# Quantum optics, 2 qubit gates acting on 2 qubits - cannot be factorized?

1. May 5, 2010

### yaboidjaf

Quantum optics, 2 qubit gates acting on 2 qubits - cannot be factorized??

Hi, I'm struggling to understand why two qubit gates acting on two qubits cannot be factorized, i.e.

G12 $$\neq$$ G1 $$\otimes$$ G2,

where G1 acts on qubit 1 only and G2 acts on qubit 2 only.

2. May 6, 2010

### Tomsk

Re: Quantum optics, 2 qubit gates acting on 2 qubits - cannot be factorized??

This is one of the tricks that you can do with quantum computers that you can't with classical computers.
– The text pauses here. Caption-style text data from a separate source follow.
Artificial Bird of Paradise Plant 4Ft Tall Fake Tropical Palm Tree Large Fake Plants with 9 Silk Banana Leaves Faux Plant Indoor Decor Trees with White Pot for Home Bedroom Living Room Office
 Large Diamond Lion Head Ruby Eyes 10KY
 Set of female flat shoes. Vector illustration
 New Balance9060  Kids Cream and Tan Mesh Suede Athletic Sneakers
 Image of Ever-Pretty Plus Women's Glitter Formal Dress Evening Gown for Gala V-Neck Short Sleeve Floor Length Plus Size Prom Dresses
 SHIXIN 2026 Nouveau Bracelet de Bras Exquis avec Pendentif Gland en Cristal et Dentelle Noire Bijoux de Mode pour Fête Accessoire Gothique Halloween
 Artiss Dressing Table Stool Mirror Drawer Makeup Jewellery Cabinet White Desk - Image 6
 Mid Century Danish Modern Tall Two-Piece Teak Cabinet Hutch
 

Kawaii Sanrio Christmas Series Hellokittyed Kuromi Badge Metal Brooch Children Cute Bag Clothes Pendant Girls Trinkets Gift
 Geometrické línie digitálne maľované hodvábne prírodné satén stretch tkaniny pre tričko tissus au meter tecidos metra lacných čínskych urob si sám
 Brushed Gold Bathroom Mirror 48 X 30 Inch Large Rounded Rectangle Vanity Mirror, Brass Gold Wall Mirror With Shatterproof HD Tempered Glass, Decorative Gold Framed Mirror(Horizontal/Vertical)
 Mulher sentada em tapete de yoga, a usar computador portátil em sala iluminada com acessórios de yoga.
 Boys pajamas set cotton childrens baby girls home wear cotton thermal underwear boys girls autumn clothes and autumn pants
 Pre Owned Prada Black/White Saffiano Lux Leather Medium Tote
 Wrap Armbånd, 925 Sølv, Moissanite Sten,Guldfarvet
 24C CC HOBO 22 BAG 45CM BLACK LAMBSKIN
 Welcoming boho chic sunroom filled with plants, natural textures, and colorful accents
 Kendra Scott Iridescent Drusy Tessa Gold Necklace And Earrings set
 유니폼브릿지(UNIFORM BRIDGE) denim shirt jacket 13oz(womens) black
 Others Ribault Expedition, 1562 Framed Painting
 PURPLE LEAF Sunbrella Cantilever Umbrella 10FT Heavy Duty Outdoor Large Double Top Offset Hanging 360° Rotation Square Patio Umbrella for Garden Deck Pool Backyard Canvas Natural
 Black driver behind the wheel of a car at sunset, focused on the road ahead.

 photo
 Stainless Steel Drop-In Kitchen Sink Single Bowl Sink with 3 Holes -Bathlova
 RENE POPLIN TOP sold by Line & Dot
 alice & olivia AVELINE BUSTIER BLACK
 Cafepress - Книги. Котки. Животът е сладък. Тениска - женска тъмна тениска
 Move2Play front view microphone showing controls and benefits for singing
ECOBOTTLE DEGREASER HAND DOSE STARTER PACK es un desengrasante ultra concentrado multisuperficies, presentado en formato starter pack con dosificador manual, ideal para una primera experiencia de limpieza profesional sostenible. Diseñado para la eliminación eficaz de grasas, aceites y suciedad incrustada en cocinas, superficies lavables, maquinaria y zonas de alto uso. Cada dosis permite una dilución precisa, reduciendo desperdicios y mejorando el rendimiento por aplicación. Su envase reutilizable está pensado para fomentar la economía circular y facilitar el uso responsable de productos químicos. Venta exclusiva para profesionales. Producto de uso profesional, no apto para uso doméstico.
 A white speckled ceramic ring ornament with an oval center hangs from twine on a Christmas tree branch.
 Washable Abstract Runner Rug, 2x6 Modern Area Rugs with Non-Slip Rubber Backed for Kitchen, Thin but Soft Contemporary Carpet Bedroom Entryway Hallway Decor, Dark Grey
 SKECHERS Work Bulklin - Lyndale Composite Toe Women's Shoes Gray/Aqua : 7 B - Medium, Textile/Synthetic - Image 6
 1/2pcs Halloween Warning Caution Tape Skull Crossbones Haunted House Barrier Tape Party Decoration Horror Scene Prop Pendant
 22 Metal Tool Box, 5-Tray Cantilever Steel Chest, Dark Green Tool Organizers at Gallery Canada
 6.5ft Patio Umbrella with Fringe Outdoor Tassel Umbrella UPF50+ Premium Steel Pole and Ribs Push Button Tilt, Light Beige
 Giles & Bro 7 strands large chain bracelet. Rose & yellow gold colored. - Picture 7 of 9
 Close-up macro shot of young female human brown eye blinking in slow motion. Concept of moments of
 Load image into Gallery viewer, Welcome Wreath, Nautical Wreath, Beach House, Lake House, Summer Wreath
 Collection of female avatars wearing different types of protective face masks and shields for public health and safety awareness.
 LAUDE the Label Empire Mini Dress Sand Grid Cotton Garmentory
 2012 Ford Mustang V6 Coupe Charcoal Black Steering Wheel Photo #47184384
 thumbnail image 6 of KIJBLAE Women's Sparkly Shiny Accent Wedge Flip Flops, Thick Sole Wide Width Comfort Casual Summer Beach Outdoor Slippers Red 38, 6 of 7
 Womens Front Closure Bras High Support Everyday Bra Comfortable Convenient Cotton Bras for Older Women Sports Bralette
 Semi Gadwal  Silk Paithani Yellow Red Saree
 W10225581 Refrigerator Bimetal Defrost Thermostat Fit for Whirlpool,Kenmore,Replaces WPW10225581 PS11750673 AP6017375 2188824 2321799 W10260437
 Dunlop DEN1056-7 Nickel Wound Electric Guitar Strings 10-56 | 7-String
The reason it works is because the two qubits have to be considered as entangled. That means they behave as one system rather than two separate ones. Then the gates that can act on them can act on them together as one. For instance, CNOT flips the 2nd qubit dependent on the state of the 1st, so you can't think of it as one gate acting on the 2nd qubit (with a separate one acting on the first), since you don't know whether to flip it or not by itself.

3. May 6, 2010

### Zarqon

Re: Quantum optics, 2 qubit gates acting on 2 qubits - cannot be factorized??

A two-qubit state that is not factorizable is called an entangle state, and is indeed one of the new resources that are available at the quantum level, but not in classically. If you haven't already done so, it might be a useful exercise to simply for yourself compare an entangled state like a Bell state, to a product of two arbitrary one-qubit states, i.e. compare a Bell state like

$$(\left|0\right>\left|0\right>+\left|1\right>\left|1\right>)$$

to an arbitrary product of single qubit states like

$$(\alpha \left|0\right> + \beta \left|1\right>) \cdot (\gamma \left|0\right> + \delta \left|1\right>)$$.

Doing the multiplication and trying to find any coefficients of the product state that gives you the entangled state, and you easily see that it can't be done.

(note, I omitted the normalization factors, but they don't change the fact that it can't be done)